Ceramic and porcelain slabs are produced in a similar way, but the raw materials used differ. Porcelain is made from a special clay of one type of very fine grain, whereas ceramics are made from other clays and may contain more constituent rocks. The differences are also influenced by the compression of the mixture in the press. Porcelain is more densely compressed than ceramics, which makes the porcelain slab even harder and stronger. Porcelain sheets are slightly flexible, UV-resistant, resistant to chemicals, wear, fire and cold, they are environmentally friendly and easy to recycle. Porcelain can also be called ceramic, but ceramic cannot be called porcelain.

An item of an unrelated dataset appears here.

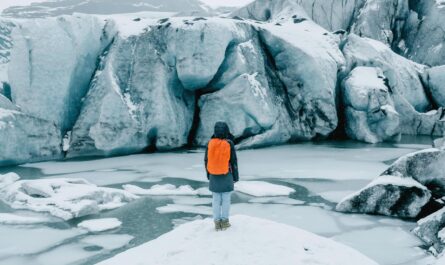 https://www.pexels.com/photo/person-standing-on-ice-near-glacier-5111047/
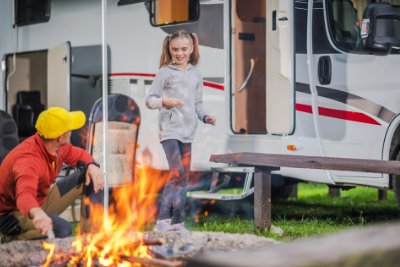 dad and daughter outside RV by campfire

Sintered stone is manufactured from similar raw materials as ceramics, but there are two key differences: the additional components and the pressure applied. Sintered stone also contains the raw materials used to manufacture quartz and glass, which makes sintered surfaces stronger and more durable than porcelain. In addition, extreme pressure and temperature is used to compress and fuse the components together. The conditions in which sintered stone is manufactured resembles those deep inside the earth needed for rocks to be formed naturally. Today's high technologies simulate these processes and speed up the process. While it takes millions of years for the rock to form in the ground, modern technology reduces the time to one or two days.

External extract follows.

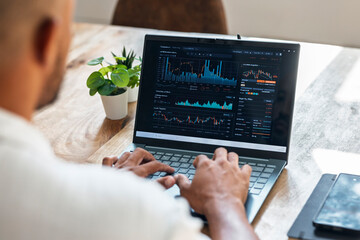 Trader analyzing financial data on laptop at home office workspace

Engineered quartz and sintered stone are very hard surfaces that are non porous, scratch resistant, and do not stain easily. The main difference between them lies is in their composition. Engineered quartz is a combination of natural mineral quartz particles (around 95-97%) and special resin binders with added pigments (3-5%). Sintered stone is composed entirely of natural minerals that are transformed into a new material through the process of sintering. This process uses intense heat, intense pressure and electricity to transform the minerals into a solid hard mass of a new material. Because of their different composition, sintered stone and engineered quartz have different care requirements. Quartz surfaces can be susceptible to burning from very high temperatures. If engineered quartz is exposed to extreme heat, it can discolor because of resins in the material. Sintered stone is formed in the presence of extremely high temperatures, and is therefore resistant to temperatures found in normal everyday household environments.
Acrylic stone, also known as acrylic solid surface, is a mixture of natural stone powder (usually marble) and acrylic resin. Acrylic surface is softer and more flexible than other types of artificial stone surfaces. This homogeneous and non-porous material is composed of about 2/3 of stone dust and bauxite and 1/3 of acrylic resin (PMMA). Such composition allows the worktop fabricators to bend and shape the slab when heated. The heated slab becomes flexible like a piece of plastic. Thus sinks of sleek shapes can be formed. Later they can be seamlessly integrated into worktops, as the glues have the same composition and colours as the material itself. Whatever the size of the final item, all its parts can be assembled and glued together without visible seams or gaps. The seams are then accurately polished together with the whole surface. Damaged or broken acrylic countertops can be repaired leaving no trace of former damage. If the surface of an acrylic worktop does not shine after some time, the professionals can repolish it as many times as needed. The repolished worktop will look like new.